Days 98 to 100  Thurs 14 to Sat 16 July: At last. After a few postponements in recent weeks, we’re clear to go. This is no solo effort. Not just cycling. First, I have to get there. Super Fly-Bro Neil has spotted a clear, three-day weather-window ahead. A crack-of-dawn, cross-country dash to the ex WW2 RAF Finmere airfield near Bicester, where Sportcruiser G-CFNV is based. Re-fuelled and ready to fly.   [NB  – must remember to top-up this key-pad with hyphens]

More magical moments in the air. Heading south, above the many shades of green and pleasant land. A few small candy-floss clouds at our altitude. Just enough to play with, not enough to obscure views of landmarks. Oxford spires, Didcot Power Station (soon to be demolished), Winchester Cathedral (Bowdy-O-Doh, not to be confused, as I was, with Mouldy Old Dough), Southampton, Isle of Wight and many miles of clear blue sky over clear blue water. In a small, single engine, white & pale blue aircraft. Worried about engine failure? Not really. Been there & done that years ago. This motor’s as smooth as a smooth thing. Same cool, capable pilot. Different, better aircraft. Mind you, that was a few hundred feet above a huge, flat field. This is a few thousand feet over open sea. Something to occupy the mind, focus attention on the array of gauges in front of me and the potential rescue boats below. Pressures, temperatures and levels AOK skipper. A busy shipping lane below. Ditching drill. I don’t recall a bored stewardess pointing at doors and dangling an oxygen mask before take-off. Neil reassures me he’d aim for a point ahead of the smallest vessel, rather than a huge tanker or ocean liner that would need half a day’s notice to stop and turn around. Life jackets & harnesses secure. Remember which clasp to unbuckle after ditching. Rumour has it, this rigid, low wing, metal skinned light aircraft should stay afloat long enough to allow us to open the canopy and climb out onto the wing. Assuming that is, that this pilot manages to gently and slowly ‘air stall’ onto flat calm water, maintaining the structural integrity of G-CFNV. Must quickly erase that black & white image of a badly aimed Kamikaze Zero hitting the ocean at 300 mph, a few feet short of its targeted battleship.  An ironic concern: Have I raised enough money to cancel out the average cost incurred for one RNLI Lifeboat launch & rescue?  No worries,  Land Ahoy!

Russ, the solution to the problem of being all kitted out, with the exception of a bicycle (no room in a two-seater cockpit), who runs Pedal Power bike shop in St Helier, Jersey’s main town, met us at the airport.  A moment of sadness, missing Fondo, which soon passes when a black & yellow Boardman carbon fibre road racing bike is wheeled out and passed to me.
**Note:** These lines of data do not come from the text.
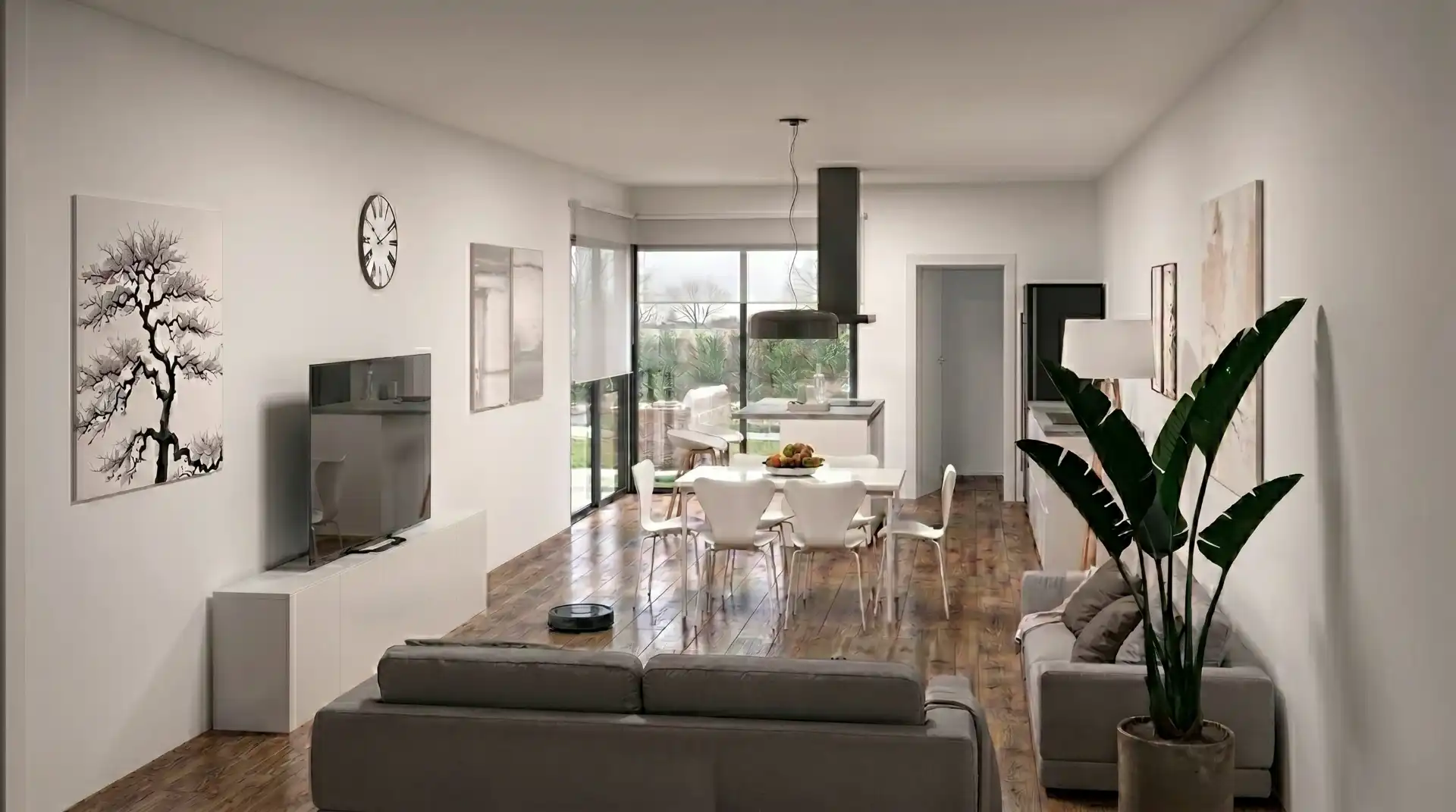 Houses for sale in Polígono 17, 2, Carrión de Calatrava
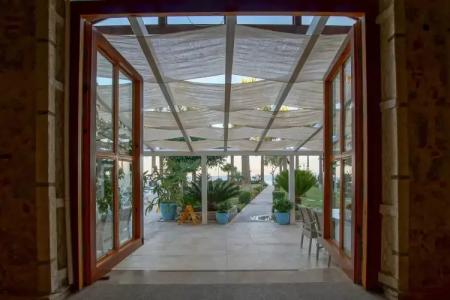 My Marina Select - 18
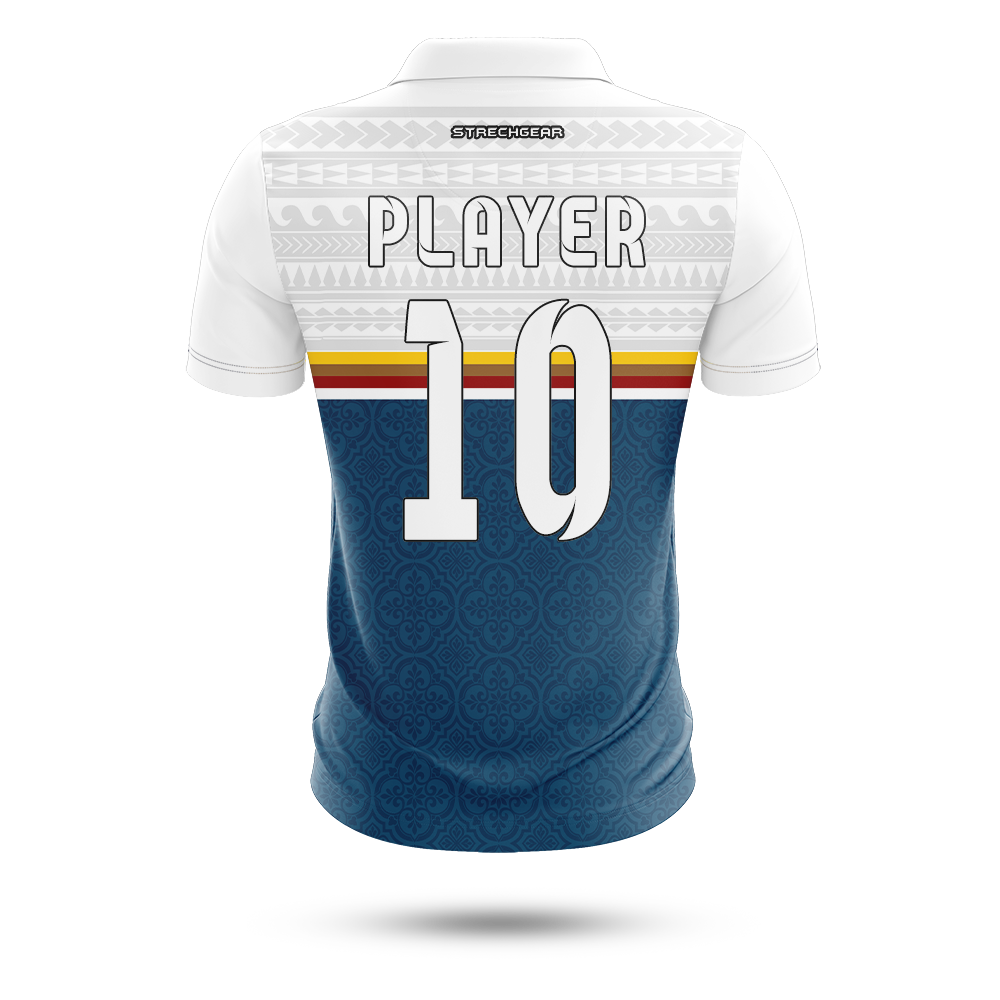 Champion Drive Polo SP-2164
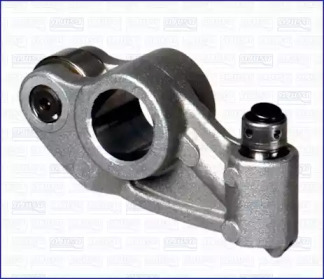 WILMINK GROUP wg1009702 -  Толкатель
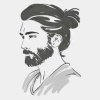 心梦轩缘来是你的头像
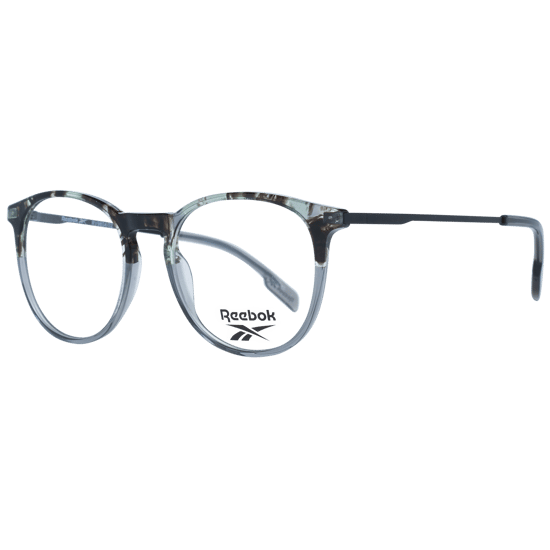 Reebok Optische Fassung RV9604 02 52 - Image 1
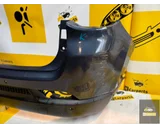 Koop Achterbumper bij KCarparts
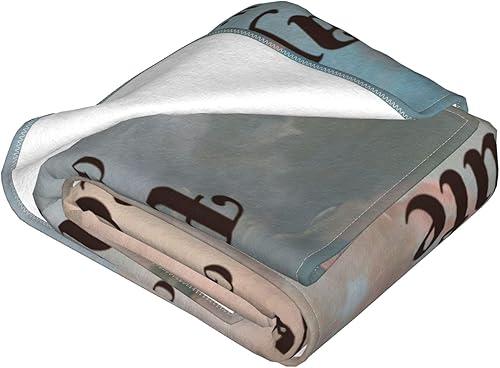 Miniatura 4 de Mantas cristianas suaves para mujer, regalos inspiradores para mujer, regalos religiosos unisex, regalos espirituales para mujeres, mantas para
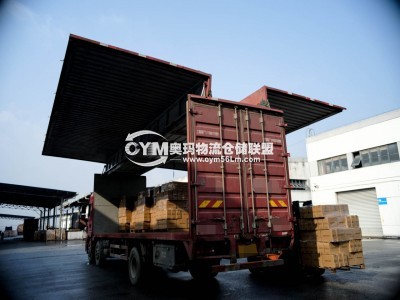 http://m.bitechong.cn/file/upload/sell/201903/20/17-36-15-22-30074.jpg.thumb.jpg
Most bike owners instinctively feel the need to lift a new racing bike off the ground, usually with one little finger, then laugh incredulously at its feather-weight properties and make a ridiculous comment on its comparative weight. Sadly, I am no exception to this strange behaviour. This complete bicycle weighs about the same as the extra pair of yellow socks I rejected from my panniers on the grounds that they were unnecessary extra weight. Neil is equally impressed with his bicycle for the day, a Swiss BMC light alloy racer. Considerably lighter than his own well sprung, bouncy hybrid but I notice a slight tinge of concern as my brother eyes the narrow racing saddle, drop handlebars and combined brake/STI gear shifters. Hot on the heels (or back wheel) of Russ as he guides us through the surprisingly busy town, to our first stop in the harbour, St Helier Lifeboat Station.
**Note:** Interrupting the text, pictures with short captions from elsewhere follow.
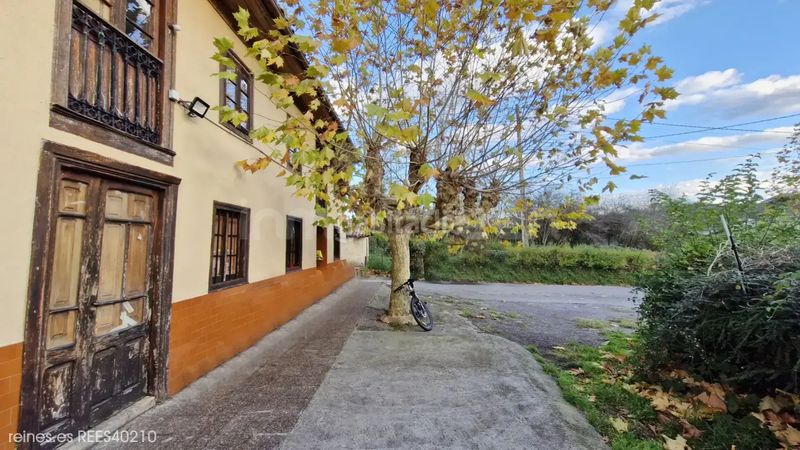 Foto 191a5903-e17e-46eb-b3ac-e1928fdcdb3c. Casa a Nava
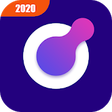 Icon of program: Clone Cloud Pro - Multipl…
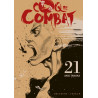 Coq de combat T21
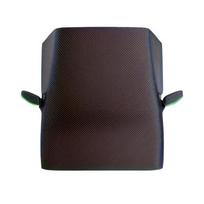 Automobilio Uždangalas Nuo Šerkšno Ir Sniego TY3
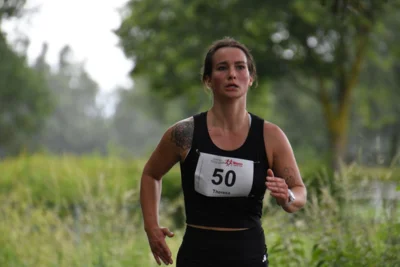 Foto des Albums: 4. Groß Mimmelager Windmühlenlauf 2026
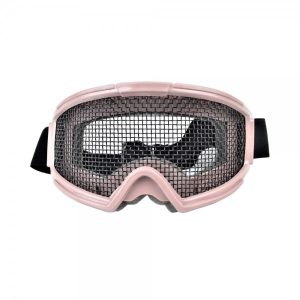 ROYAL MASCHERA TAN (6058T) ROYAL MASCHERA TAN (6058T)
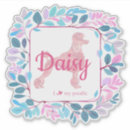 Recherche de caniches autocollants Pour animaux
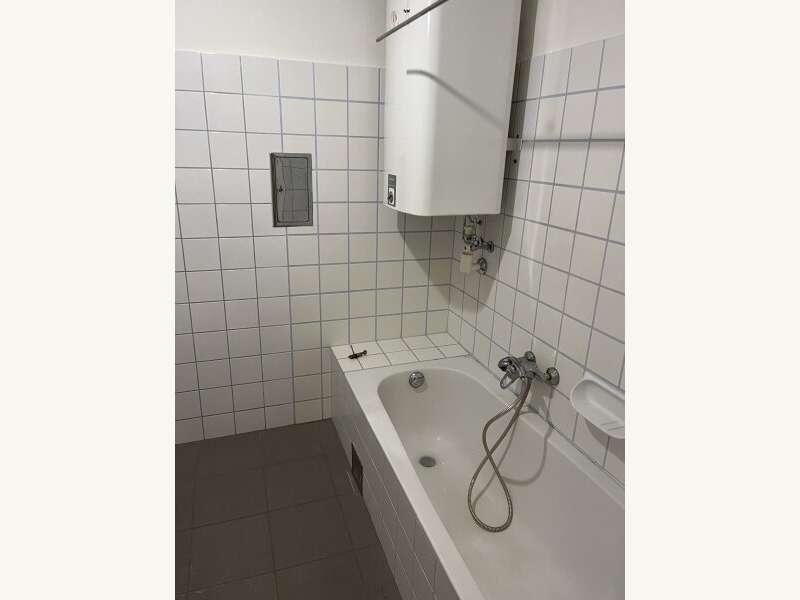 Mietwohnung in Pottschach - Bild 16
1825  Gold Medals were awarded to Francis De St Croix, Jean De St Croix, Philip De St Croix and a Silver Medal to Philip Nicholle for rescuing 13 people from the ship Fanny on 9 January. Five people drowned.       1940  During the German occupation of Jersey in 1940–1945 the station was not under the RNLI’s control; it was reported that the lifeboat, with a crew of German guards, had rescued 35 people.      1948  A new lifeboat, the first to have a deck cabin, was sent to the station and placed on moorings in the harbour. A German-built bunker on Albert Pier was taken over and converted for the crew      1995  The Thanks of the Institution Inscribed on Vellum was awarded to Coxswain Robert Vezier for rescuing 55 of the 307 people onboard the passenger catamaran Saint Malo, which had struck a submerged object and was sinking in rough seas off the Corbiere lighthouse on 17 April.
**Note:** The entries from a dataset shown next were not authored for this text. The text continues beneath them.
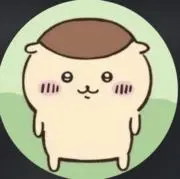 ゆーと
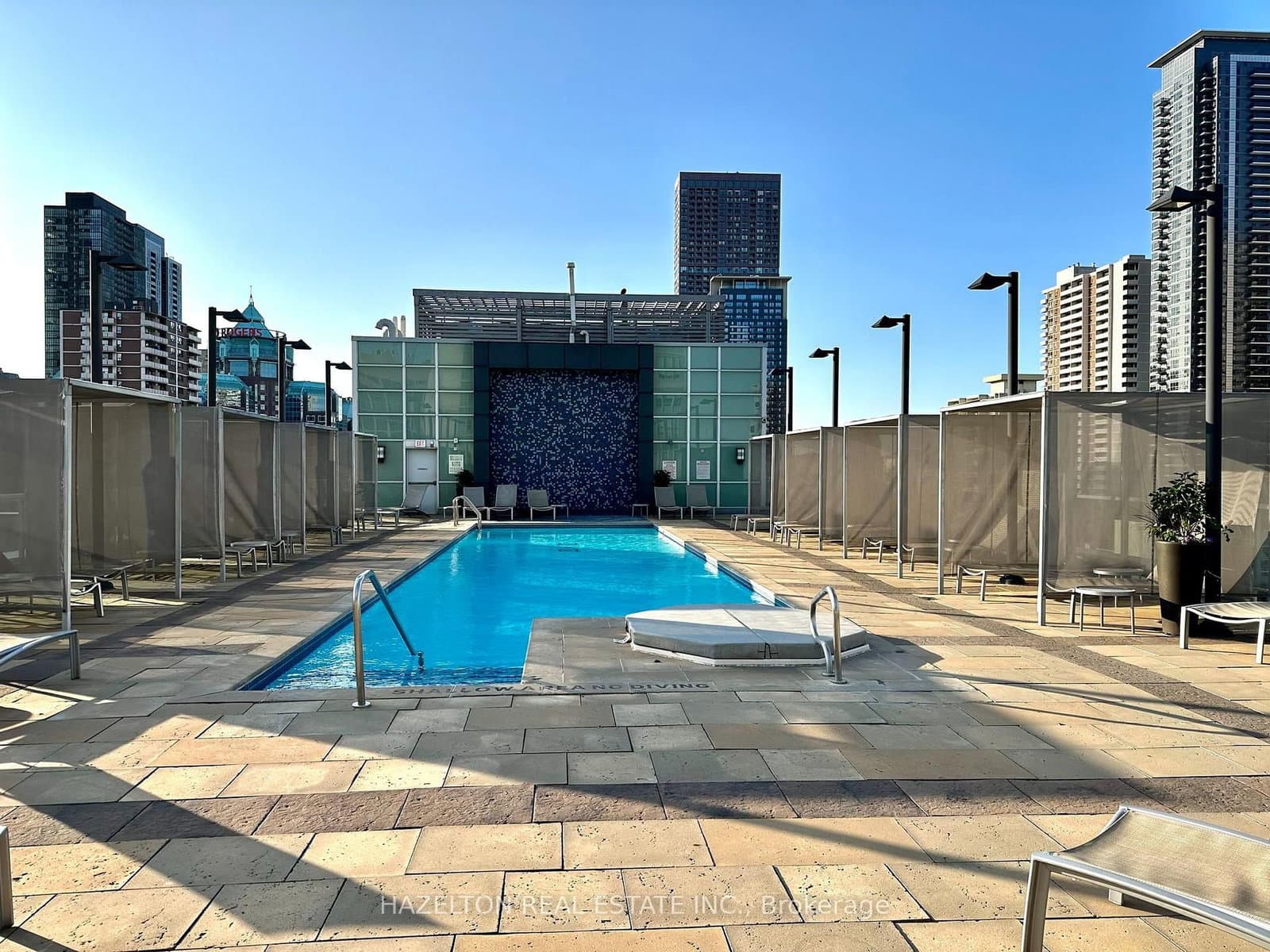 120 Homewood Avenue, Unit 1510 thumbnail 19
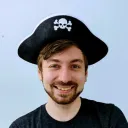alanfoster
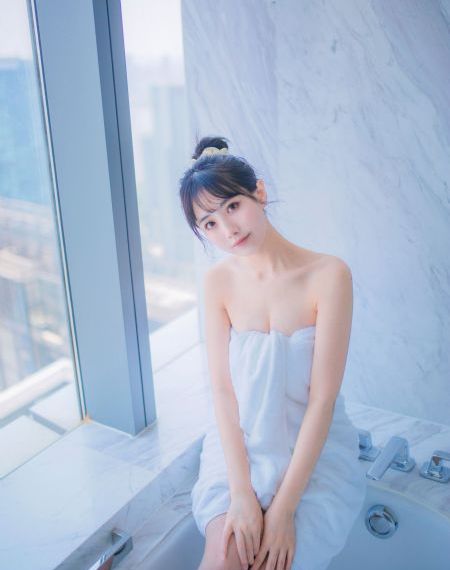 《驭鲛记》电视剧免费观看_DVD神马影院手机在线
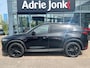 Mazda CX-5 2.0 SkyActiv-G 165 Signature | AUTOMAAT | TREKHAAK | LEDER | 360 CAMERA | STOEL+ STUUR  VERWARMING | STOEL VENTILATIE (voor) | APPLE + ANDROID AUTO |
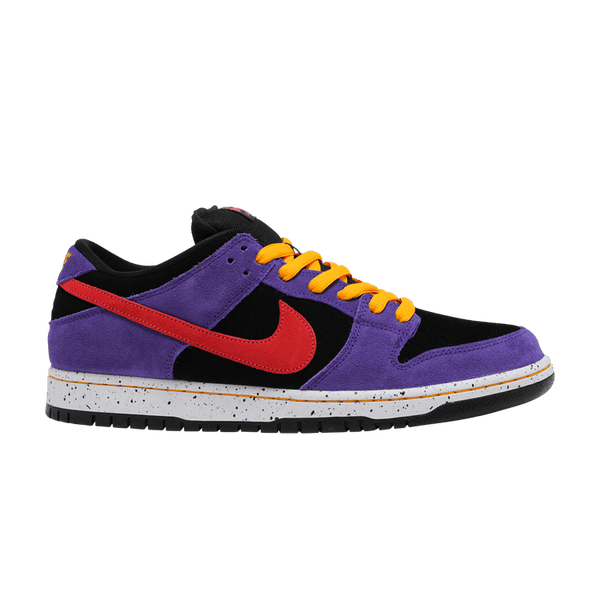 スニーカー NIKE SB DUNK LOW PRO TERRA ACG 29cm Nike SB Dunk Low ACG Terra – Side Kicks
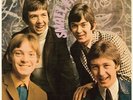 SMALL FACES**SMALL FACES (180 GRAM/WITH DOWNLOAD)**VINYL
Thanks to Rhees (St Helier Station Mechanic) for the kind welcome, coffee and brief chat before we had to dash off. The plan now slightly modified to fit in with a BBC Jersey radio interview back at this venue this afternoon, so no time to waste if St Catherine  ILB Station is to be visited today. Back on the road, we three cyclists (almost enough to make up a mini peloton) set off at a pace not too fast to take in the coastal scenery but fast enough to reach St Cat’s, spend the right amount of time there and get back to St H in time. I must commend my not-so-regular cyclist brother for:  a) maintaining the pace set by Russ, a serious road-racer and    b) coming up with a clever scheme to linger longer at St Cats with Nigel (LOM) and Andrew (Sen.Helm), thus avoiding the stitch & cramp inducing sprint back.  St Catherine’s Inshore Lifeboat is one of the more recent RNLI Stations.

1969  The RNLI established an inshore lifeboat (ILB) station with a D class lifeboat and the ILB was housed in an old wartime bunker in the cliff.   1989  Trials were carried out in October using a B class Atlantic 21 lifeboat and a DoDo (Drive on-Drive off) launching trolley.    1990 The C class lifeboat was withdrawn and an Atlantic 21 lifeboat was sent to the station on 15 October.     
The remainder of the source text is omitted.